The Economist, London, December 18th 1926.
CAPITALISM AT THE CAPE
The spread of the joint stock company with its multiple shareholders, limited liability and professional managers ushered in a period of rapid growth, globalisation and innovation. By digitising, transcribing and curating the largest joint-stock archive in Africa, this project investigates the emergence of early capitalism at the Cape Colony and Southern Africa from 1862 onwards. The Cape was home to over 3000 limited liability companies operating in multiple sectors and geographies.
We have collected the largest dataset of these early companies at the Cape Colony, of which several survive today. The dataset provides a wealth of information about the formation of early companies, the shareholders that invested in them, articles of association, intellectual property, human capital formation and multinational globalisation during a period in which there was tremendous turbulence and change on many fronts. Linking probate, migration, tax and household records allows us to estimate the scale of capital ingenuity on the financial frontier of Southern Africa.

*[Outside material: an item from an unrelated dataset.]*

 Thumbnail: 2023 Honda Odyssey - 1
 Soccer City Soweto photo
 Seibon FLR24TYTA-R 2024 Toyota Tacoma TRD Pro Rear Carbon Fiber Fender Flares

By bringing together economists, historians, sociologists, genealogists and geographers, the project will systematically explore the links between early capitalism, businesses and the broader context of economic change in Southern Africa.
BACKGROUND
In 1861, limited liability legislation was introduced in South Africa’s Cape Colony. This provided a framework for the formation of joint-stock companies by means of which individuals could pool capital without ‘betting the farm’. Unbridled by fear of failure or the debtors’ prison, petit capitalists could now partake in the growth of the Colony by means of shareholdings in joint-stock companies. A new equality of capitalism emerged where farmers, clerks, teachers and land owners alike could invest small amounts. A wide range of businesses were formed, which in turn provided dividends for further expansion.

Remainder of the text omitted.